Work to complete:
Output a verbatim copy of the data, cut off after the line that contains "Something else to".

Data provided:
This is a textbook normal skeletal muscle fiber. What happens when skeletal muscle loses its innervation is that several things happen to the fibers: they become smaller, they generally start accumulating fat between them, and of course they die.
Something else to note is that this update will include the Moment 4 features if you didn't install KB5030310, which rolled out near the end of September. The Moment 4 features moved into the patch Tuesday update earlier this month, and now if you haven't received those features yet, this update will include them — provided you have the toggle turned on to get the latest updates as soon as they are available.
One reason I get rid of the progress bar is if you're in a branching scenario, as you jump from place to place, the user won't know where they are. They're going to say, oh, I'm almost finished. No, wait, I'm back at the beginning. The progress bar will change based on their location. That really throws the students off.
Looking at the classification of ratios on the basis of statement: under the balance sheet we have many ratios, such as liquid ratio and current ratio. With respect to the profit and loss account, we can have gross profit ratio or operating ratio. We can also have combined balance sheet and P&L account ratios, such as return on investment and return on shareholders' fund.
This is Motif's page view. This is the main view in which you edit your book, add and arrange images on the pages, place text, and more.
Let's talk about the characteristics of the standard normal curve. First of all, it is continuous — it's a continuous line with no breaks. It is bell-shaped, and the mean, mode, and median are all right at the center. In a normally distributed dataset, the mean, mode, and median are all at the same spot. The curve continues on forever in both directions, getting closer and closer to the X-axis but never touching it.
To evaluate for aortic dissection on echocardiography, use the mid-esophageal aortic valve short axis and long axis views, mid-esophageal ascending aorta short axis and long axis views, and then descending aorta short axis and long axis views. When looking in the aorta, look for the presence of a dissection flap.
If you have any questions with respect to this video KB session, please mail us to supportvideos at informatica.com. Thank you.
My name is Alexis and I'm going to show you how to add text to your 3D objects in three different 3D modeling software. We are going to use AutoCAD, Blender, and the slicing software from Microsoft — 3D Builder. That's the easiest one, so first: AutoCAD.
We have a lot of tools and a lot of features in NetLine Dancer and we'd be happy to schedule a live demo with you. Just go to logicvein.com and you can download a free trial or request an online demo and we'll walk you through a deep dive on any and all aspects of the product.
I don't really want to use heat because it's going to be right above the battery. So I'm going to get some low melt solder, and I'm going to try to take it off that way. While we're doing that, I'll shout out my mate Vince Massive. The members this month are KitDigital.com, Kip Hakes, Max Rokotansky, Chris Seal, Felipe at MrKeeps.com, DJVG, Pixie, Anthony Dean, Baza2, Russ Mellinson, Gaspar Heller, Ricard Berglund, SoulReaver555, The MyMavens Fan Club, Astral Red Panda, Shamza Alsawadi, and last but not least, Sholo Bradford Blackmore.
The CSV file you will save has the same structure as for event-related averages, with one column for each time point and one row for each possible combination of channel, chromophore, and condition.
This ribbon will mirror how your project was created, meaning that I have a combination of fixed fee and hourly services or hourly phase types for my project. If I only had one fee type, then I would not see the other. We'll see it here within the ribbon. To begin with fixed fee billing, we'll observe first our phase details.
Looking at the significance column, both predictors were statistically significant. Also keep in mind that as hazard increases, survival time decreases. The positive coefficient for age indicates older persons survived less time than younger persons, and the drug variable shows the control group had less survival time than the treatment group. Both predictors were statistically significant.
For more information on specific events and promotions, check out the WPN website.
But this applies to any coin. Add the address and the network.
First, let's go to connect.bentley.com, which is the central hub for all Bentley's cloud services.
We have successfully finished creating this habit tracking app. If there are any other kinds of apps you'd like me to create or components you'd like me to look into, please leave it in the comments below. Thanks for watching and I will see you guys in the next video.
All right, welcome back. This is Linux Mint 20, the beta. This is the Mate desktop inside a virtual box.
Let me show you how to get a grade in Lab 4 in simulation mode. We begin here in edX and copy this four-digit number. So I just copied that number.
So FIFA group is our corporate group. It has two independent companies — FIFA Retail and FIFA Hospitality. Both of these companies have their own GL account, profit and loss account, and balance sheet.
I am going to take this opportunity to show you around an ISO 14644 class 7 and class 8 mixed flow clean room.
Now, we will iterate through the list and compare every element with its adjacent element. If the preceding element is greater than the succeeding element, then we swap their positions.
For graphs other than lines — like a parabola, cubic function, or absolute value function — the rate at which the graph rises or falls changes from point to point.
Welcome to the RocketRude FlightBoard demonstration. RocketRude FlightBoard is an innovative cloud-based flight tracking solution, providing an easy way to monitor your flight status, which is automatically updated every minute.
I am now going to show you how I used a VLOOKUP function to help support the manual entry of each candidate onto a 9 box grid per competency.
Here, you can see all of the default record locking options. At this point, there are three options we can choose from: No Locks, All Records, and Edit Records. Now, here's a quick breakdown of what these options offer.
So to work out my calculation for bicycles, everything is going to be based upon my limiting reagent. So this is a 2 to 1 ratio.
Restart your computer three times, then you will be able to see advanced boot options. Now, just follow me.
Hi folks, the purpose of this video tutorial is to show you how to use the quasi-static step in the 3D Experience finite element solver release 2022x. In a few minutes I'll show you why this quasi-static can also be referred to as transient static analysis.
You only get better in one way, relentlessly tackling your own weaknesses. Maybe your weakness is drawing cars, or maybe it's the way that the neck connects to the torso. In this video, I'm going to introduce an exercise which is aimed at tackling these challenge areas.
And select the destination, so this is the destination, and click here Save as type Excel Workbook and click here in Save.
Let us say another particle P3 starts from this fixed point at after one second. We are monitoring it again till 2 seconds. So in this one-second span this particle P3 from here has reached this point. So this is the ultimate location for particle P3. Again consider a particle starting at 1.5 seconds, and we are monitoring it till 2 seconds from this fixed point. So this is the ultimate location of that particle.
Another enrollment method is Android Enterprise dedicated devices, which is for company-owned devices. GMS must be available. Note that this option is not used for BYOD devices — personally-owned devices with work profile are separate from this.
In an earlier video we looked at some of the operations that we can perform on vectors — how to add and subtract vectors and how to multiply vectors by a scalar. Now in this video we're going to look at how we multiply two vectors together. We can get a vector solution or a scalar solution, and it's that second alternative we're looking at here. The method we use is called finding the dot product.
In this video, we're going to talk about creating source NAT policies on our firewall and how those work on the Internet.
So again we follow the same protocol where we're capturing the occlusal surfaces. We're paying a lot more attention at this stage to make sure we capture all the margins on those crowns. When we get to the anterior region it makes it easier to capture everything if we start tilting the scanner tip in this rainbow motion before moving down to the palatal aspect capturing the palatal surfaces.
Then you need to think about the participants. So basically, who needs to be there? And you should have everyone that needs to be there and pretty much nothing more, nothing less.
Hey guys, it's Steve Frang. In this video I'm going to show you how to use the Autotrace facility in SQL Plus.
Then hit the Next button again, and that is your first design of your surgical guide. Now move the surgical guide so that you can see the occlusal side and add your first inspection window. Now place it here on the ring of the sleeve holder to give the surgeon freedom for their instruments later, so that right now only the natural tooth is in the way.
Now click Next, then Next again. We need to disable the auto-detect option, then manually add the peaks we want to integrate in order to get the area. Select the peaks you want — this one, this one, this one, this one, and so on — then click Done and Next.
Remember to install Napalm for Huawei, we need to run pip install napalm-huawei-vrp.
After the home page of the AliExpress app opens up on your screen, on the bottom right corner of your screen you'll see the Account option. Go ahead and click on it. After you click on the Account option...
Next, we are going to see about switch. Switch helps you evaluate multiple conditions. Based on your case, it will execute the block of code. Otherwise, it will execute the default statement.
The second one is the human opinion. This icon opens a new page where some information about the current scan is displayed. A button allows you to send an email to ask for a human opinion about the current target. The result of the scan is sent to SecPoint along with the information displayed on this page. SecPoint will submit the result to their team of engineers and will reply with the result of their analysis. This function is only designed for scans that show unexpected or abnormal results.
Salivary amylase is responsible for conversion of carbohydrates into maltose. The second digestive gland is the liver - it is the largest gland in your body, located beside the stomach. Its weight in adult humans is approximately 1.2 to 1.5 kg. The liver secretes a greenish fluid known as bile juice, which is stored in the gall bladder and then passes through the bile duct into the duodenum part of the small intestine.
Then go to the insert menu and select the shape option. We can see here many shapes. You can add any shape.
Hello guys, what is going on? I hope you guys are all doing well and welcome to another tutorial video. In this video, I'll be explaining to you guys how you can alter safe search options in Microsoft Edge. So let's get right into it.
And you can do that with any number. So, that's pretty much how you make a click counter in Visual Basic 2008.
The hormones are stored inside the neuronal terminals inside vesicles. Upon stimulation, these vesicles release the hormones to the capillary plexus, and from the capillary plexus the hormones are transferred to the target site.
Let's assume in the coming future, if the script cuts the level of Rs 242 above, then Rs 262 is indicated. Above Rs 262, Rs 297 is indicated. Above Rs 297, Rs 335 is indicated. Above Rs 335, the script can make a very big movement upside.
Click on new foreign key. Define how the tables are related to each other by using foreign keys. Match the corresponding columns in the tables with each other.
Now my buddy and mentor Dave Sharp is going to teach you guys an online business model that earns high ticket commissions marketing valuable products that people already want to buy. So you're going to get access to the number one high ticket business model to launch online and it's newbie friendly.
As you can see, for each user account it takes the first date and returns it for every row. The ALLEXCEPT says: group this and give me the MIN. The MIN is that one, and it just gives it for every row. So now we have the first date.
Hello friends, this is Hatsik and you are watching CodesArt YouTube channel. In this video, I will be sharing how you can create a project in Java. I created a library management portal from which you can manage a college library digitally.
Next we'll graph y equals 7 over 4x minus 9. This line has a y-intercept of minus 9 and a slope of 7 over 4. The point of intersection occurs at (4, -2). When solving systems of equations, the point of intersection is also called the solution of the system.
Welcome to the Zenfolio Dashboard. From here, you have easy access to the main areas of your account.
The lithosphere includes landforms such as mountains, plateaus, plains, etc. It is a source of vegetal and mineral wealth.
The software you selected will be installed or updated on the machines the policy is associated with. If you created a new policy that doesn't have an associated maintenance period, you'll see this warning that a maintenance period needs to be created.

Expected output:
This is a textbook normal skeletal muscle fiber. What happens when skeletal muscle loses its innervation is that several things happen to the fibers: they become smaller, they generally start accumulating fat between them, and of course they die.
Something else to note is that this update will include the Moment 4 features if you didn't install KB5030310, which rolled out near the end of September. The Moment 4 features moved into the patch Tuesday update earlier this month, and now if you haven't received those features yet, this update will include them — provided you have the toggle turned on to get the latest updates as soon as they are available.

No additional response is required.